In the 1840s the people built a rūnaka hall named Uenuku, and a church. In 1868, Tiramōrehu and another Kāi Tahu leader and scholar, Rāwiri Te Maire, established a wharekura here, Otemanawharetapu. It must have been a heady time: Māori and Western ideas, technologies and peoples converging.
Life here wasn’t easy, says David Higgins, Upoko of Te Rūnanga o Moeraki. “Given there was very little freshwater on the peninsula, survival and sustainability for our people must have been pretty blimmin’ tough.”
There are accounts of Tiramōrehu and others using tanks on sledges to bring wai māori from nearby creeks. From the early 20th century, whānau gradually shifted away to be closer to the settlement at Onekakara /Port Moeraki as the Pākehā grocer and doctor refused to traverse the grass track down to the kaik.

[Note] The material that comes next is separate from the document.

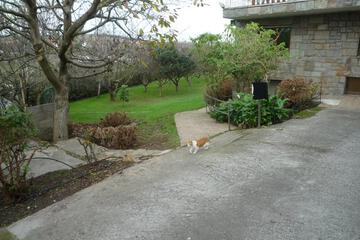 Photo 34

Today, although the various urupā are the main visible reminders of where the kāik once stood, its importance lives on. “I have memories of my grandparents telling me where they were born and grew up there,” David says, “I know where all the burials are, from Rakatira Mamaru for
five generations down to three living generations today.”
It’s a place that is, however, increasingly under threat. As sea levels rise, king tides foaming up Tūtakahikura beach are stripping the foreshore and washing umu stones out of the sand, along with the chalky remnants of old shellfish feasts. Takaroa has exposed a long, dark layer of charcoal created by generations of cooking fires.
The attack is on two fronts, ki uta, ki tai. Above the beach, the rabbits have been making a mess playing at amateur archaeology. The foreshore is riddled with hundreds of burrows that are damaging the site, disturbing the past, and at times exposing surprising treasures, which is why David and the hapū have brought the real, human archaeologists in.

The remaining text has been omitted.